Regarding “Wells Fargo financially rewards Wagner for her efforts” (Sept. 13): Letter writer John Davis fails to mention that the Dodd-Frank regulation he references was struck down by the Fifth U.S. Circuit Court before it was implemented because the Department of Labor overstepped its bounds when imposing new rules during the Obama Administration.

Rep. Ann Wagner knew this was the case, and she offered a bill that would require the Securities and Exchange Commission, the correct agency, to implement a best-interest standard. Financial institutions would have to follow this standard.

The Securities and Exchange Commission just recently approved a new regulation that requires brokers to disclose their potential conflicts of interest when giving investment advice. Companies have until 2020 to comply with the new rule.

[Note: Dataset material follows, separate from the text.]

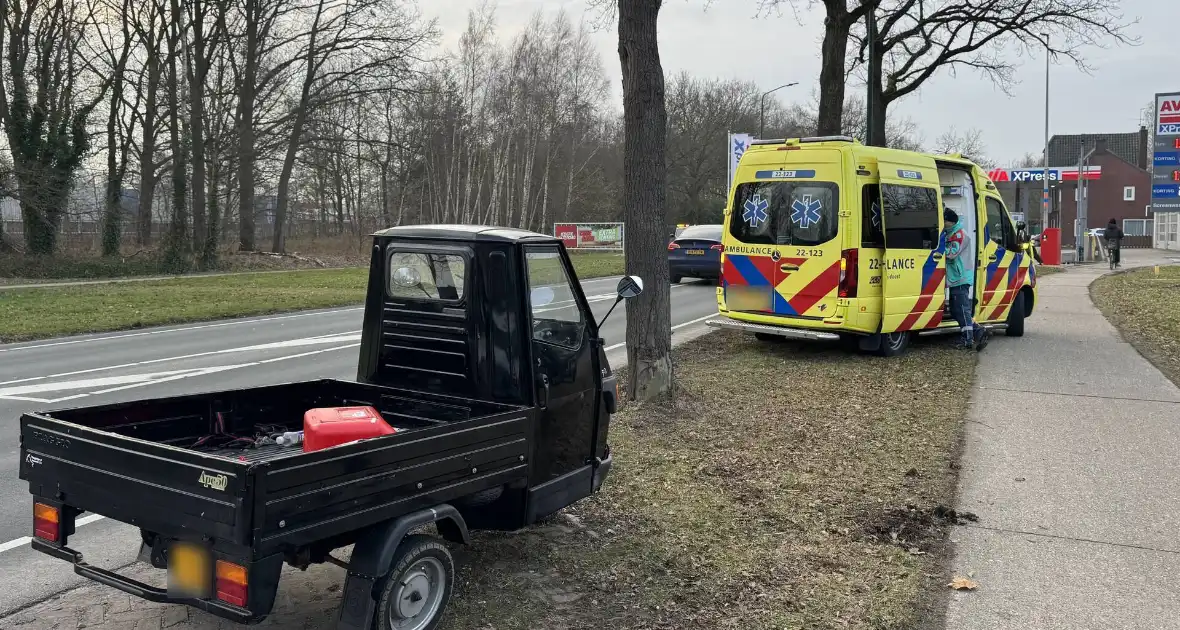 Botsing tussen piaggo en personenauto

In addition, the original Department of Labor rule would have kept investors from having access to the best advice possible because it was so broad (part of the reason it was struck down). I’m glad Rep. Wagner fought against this overreach, which would have prevented small investors like me from investing more for retirement. Rep. Wagner also made sure that there is a best-interest standard in place to protect investors from being swindled.